A bit sad that this stopped working in lambdas in Python 3, it was nice to have in Python 2:

    (lambda (x, y): x+y)((2, 3),)


As an Erlang devotee, when I switched jobs and started writing Python I was happy to find that destructuring worked for function arguments, only to be disappointed when I realized Python 2 was about dead and Python 3 had dropped it because “no one uses it”.


I also miss this capability. It was super helpful for working with 2-D or 3-D point vectors:

    lambda (x1, y1), (x2, y2):  return abs(x2 - x1) + abs(y2 - y1)


That's pretty cool, shame it doesn't work in 3 too.

Not as nice, but:

    (lambda x, y: x+y)(*(2, 3))
Seems to work


Now do

  lambda i,(x,y): x[i]+y[j]
I never really understood the rationale here. Pep8 hates lambdas, which is also baffling. It seems as though tptb don't like lambdas, but there wasn't enough political will to remove them entirely, so they kneecapped them instead. Because... more lines = more readable??
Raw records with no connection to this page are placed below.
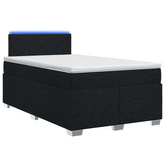 Łóżko Box Spring z materacem i LED Czarny 120 x 200 cm tkanina
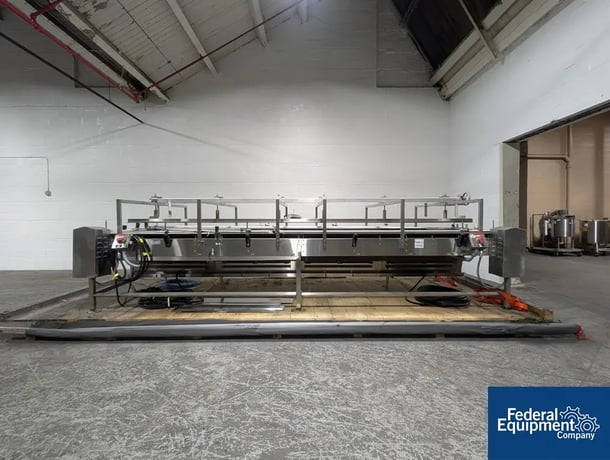 72" width x 175" L Barry Wehmiller, Accumulation Conveyor, Stainless Steel, 2x 36" belts, 1 HP, 4" middle - Image 1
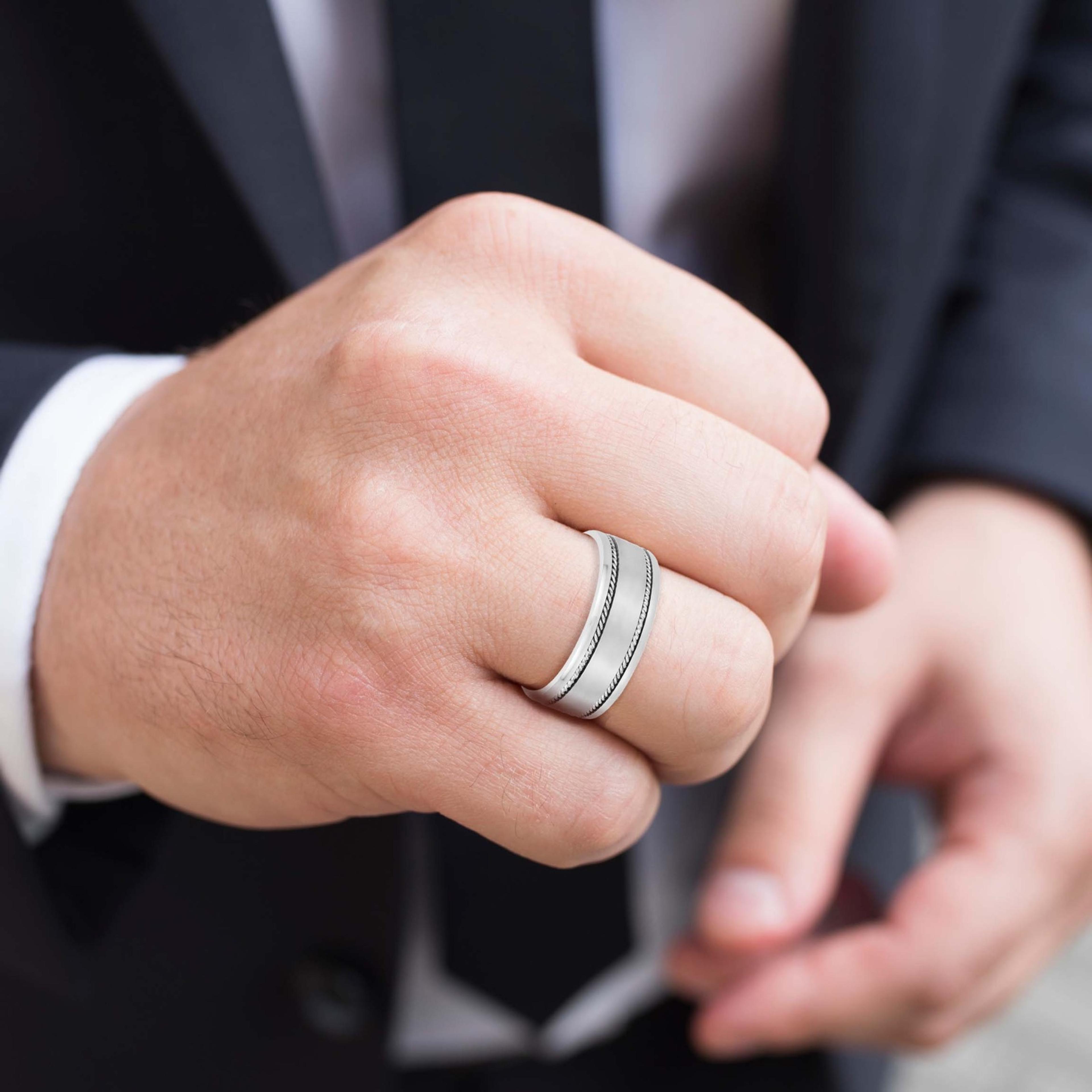 Men's Double Line Twisted Rope Classic Band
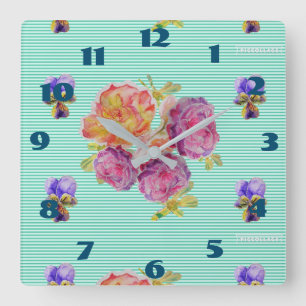 Horloge Carrée Shabby Chic Aqua Rose Rose Floral Room Turquoise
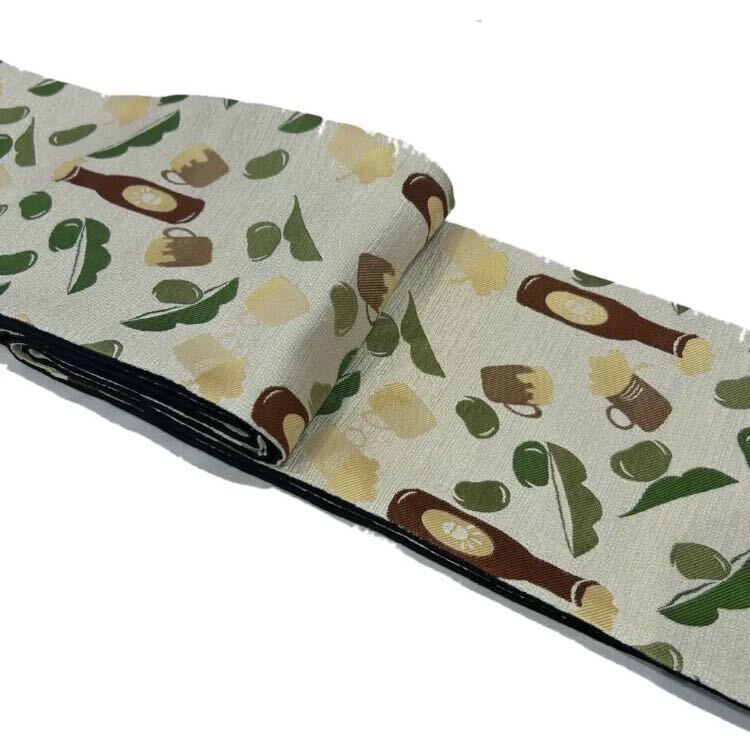 【新品未使用】おりびと半幅帯 ビール ジョッキ そら豆 個性的 可愛い お洒落拍卖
But we've got a walrus operator now, because... less lines = more readable?


FYI here's the thread where tuple parameters were removed.
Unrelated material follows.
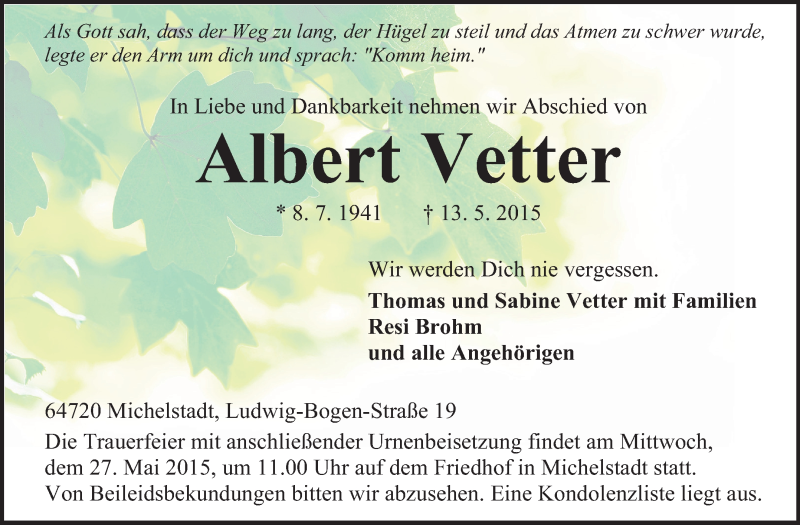 Traueranzeigen Von Albert Vetter | Www.vrm-trauer.de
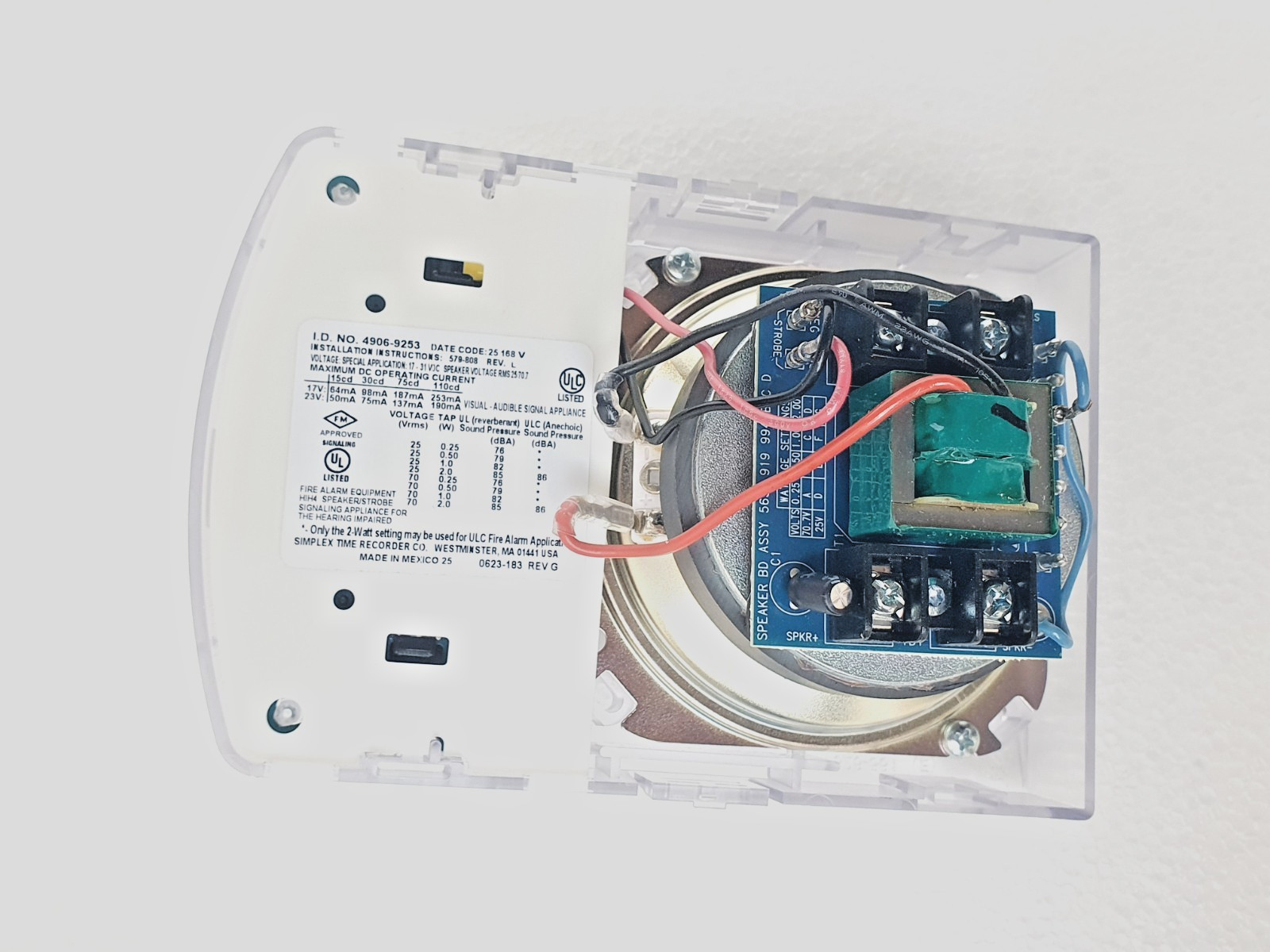 SIMPLEX 4906-9253 Fire Alarm Wall Speaker Strobe , Visual Audible Signal # NEW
https://mail.python.org/archives/list/python-dev@python.org/...


People who respect the law and love sausage should never watch either of them being made ;-)

The referenced thread isn't Python's finest hour. A: "Hey, this feature is slightly inconvenient to implement in AST, let's kill it." B: "Many users haven't heard of this, so let's kill it." C: "I find it useful and there's not real advantage in killing it". A&B: "Okay, it's gone".
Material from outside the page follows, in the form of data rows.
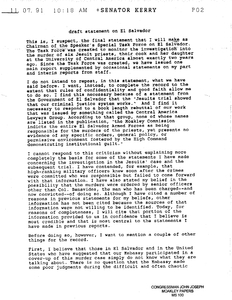 Draft statement on El Salvador with handwritten notes, 7 November 1991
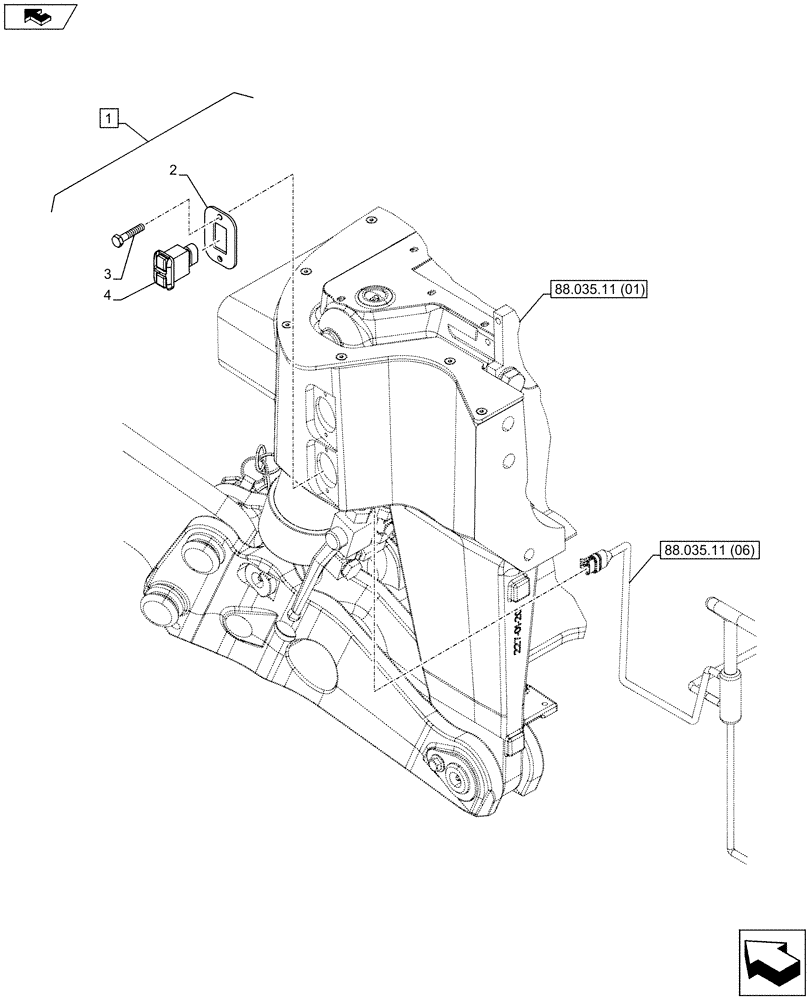 Схема запчастей Case IH PUMA 200 - (88.035.11[10]) - DIA KIT - FRONT HPL FOR SUSPENDED AND STD AXLES, LESS PTO, LESS COUPLER - SWITCH (88) - ACCESSORIES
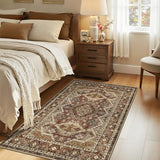 Rugland 3x5 Area Rug Non Slip Rug, Vintage Washable Entryway Rug, Rust
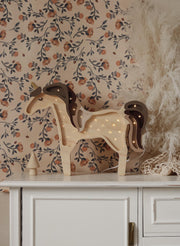Adorable Unicorn Lamp Nursery Decor Handmade Fairy Tale Theme Lighting for Kids Room Wall Lamp LED Brown Horse Night Light for Girl’s Room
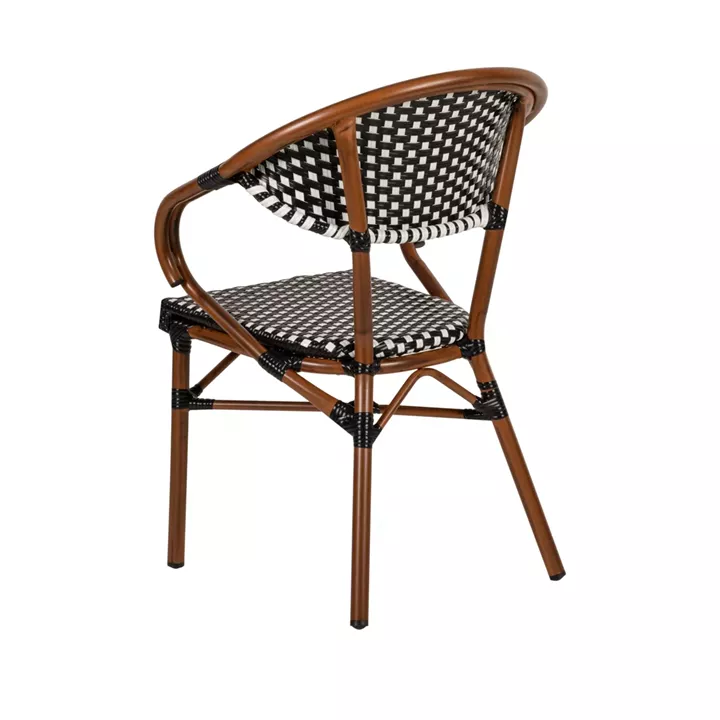 Πολυθρόνα Κήπου ArteLibre MUTUMA Λευκό/Μαύρο/Μπαμπού Αλουμίνιο/Rattan 57x60x82cm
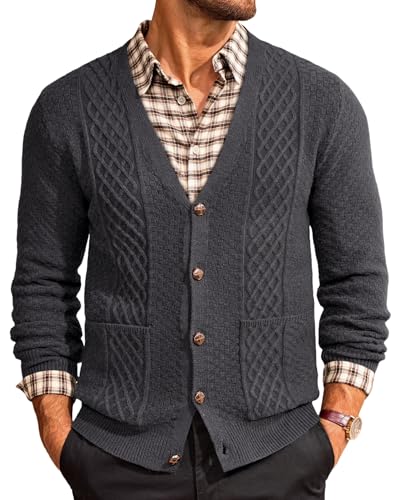 Runcati Mens Cardigan Sweater Casual V Neck Cable...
Really, you're better-off just enjoying a language that is mostly nice and mostly well-designed. Don't read the development threads. It will spoil the illusion.


If only it had been used in Django.

Similar thing about adding animated png support in Firefox, https://bugzilla.mozilla.org/show_bug.cgi?id=257197

Petabytes of bandwidth wasted, and probably gigawatts of electricity.

This like google internal behavior leaking out in the real world. Actively user hostile or at least indifferent.


> So the short answer is: yes, we are attached to it, we will miss it. No guarantees about throwing fits, though <wink>.

Observe: me, throwing a fit.


I cursed and swore for twenty full minutes when they removed tuple unpacking from parameters. God that pissed me off. Sure, I was one of only a handful of people who ever used it, and it had it's warts, but it was so elegant.


>>> Hey, we don't like this feature anymore, is anybody using it?"

>> Yes, we're using it"

> Okay, it's gone"

[rage]

The one thing I agree with in the thread is the confusion of

  foo = lambda (x,y): x+y
  foo(1,2) #boom
I think a better approach would be to raise warnings when sole parameters are parenthesized, unless written as

  foo = lambda (x,y),: x+y
which is kinda gross, but cogent with the weirdness of singletons:

  a, = [1]
  b = (1,)
  c = 1,
Alas, I've never had Guido's ear, so I shout into the void.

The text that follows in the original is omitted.